Giuseppe Ferrandi, "Trentino", 12 ottobre 2013


È però emblematica la disattenzione che avvolge quello che dovrebbe essere il “cervello” del sistema trentino. Ed è un segno dei tempi. Lo sanno bene gli insegnanti e le componenti del mondo della scuola e della formazione, lo vive sulla propria pelle l’esercito dei precari che affollano il comparto della conoscenza, coloro che vivono di cultura, anzi che “mangiano la cultura”. “La cultura si mangia!” è proprio il titolo di un libro uscito recentemente a firma di Bruno Appaia e Pietro Greco. Un libro, almeno in parte, demoralizzante quanto documenta il grado di arretratezza di buona parte del Paese.
Negli annali è rimasta la celebre dichiarazione di Giulio Tremonti (14 ottobre 2010) “Con la cultura non si mangia” e, ancora il grande statista di Sondrio, “di cultura non si vive, vado alla buvette a farmi un panino alla cultura, e comincio dalla Divina Commedia”. La domanda è chi reagì e come si reagì a quella battuta? Siamo proprio convinti che dietro la “disattenzione”, anche di casa nostra, nei confronti della conoscenza e della cultura non si nasconda qualcosa di più profondo?
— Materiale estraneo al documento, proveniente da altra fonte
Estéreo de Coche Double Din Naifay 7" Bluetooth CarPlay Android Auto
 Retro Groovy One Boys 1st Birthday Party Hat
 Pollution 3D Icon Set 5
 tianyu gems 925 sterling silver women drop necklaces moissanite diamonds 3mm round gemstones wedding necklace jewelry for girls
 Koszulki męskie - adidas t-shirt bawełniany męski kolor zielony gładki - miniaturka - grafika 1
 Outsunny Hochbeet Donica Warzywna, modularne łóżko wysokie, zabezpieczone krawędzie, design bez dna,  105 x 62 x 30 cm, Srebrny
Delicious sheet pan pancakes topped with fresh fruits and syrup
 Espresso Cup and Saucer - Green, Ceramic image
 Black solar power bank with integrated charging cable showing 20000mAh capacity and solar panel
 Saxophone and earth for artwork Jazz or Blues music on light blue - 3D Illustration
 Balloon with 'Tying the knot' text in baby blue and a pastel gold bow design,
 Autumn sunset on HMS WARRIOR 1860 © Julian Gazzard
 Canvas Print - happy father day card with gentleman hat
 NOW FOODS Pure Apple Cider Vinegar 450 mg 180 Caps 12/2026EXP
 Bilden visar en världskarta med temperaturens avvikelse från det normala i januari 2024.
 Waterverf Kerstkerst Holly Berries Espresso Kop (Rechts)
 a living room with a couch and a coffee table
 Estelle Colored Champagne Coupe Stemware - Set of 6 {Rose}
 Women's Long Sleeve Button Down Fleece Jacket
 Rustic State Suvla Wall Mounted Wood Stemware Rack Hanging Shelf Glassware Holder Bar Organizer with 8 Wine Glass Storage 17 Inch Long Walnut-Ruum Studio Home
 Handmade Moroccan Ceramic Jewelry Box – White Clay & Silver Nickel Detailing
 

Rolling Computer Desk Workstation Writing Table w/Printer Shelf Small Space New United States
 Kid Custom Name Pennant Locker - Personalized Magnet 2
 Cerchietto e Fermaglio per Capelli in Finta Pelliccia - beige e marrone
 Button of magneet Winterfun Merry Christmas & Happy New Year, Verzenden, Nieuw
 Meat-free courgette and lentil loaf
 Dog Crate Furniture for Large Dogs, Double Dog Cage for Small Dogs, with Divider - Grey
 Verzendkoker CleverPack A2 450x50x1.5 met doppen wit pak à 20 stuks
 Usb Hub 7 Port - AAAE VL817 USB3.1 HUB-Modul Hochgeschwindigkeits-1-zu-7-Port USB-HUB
L’attuale crisi sembra aver ridotto ulteriormente la capacità di guardare “oltre” (non ho scritto “altrove”).
“Oltre” significa pensare (o ripensare) il nostro modello di sviluppo. “Oltre” significa qualificare ulteriormente l’intervento pubblico, necessario ed irrinunciabile, permettendo che vi sia spazio per imprese e nuove professionalità in grado di integrare la presenza e il ruolo delle istituzioni. Se ciò non avvenisse, in una prospettiva di medio periodo, dovremmo davvero considerare “cattedrali nel deserto” i nostri grandi musei e i nostri straordinari centri di ricerca. È obbligatorio dare respiro e concretezza a questo cambiamento di prospettiva. Il Trentino post 2013 sarà costretto, visto il calo di risorse, ad investire in modo diverso. Tantissime scelte andranno riviste ed è chiaro che serviranno strumenti nuovi e approcci diversi.
Queste criticità, insieme alla consapevolezza della posta in gioco, non deve però tradursi in un arretramento del Trentino o nella sua rinuncia ad essere “laboratorio” avanzato di sperimentazioni. Abbiamo, rispetto ad altri territori, grandi potenzialità proprio perché la nostra filiera della formazione, che va dalle scuole d’infanzia all’università, è di altissima qualità (e va “rimotivata”). Proprio perché vi sono importanti presidi che mantengono standard elevati di diffusione della cultura (si pensi alla nostra invidiabile rete delle biblioteche). Proprio perché si è investito molto in ricerca e in cultura, e i risultati si possono vedere proiettati sul futuro.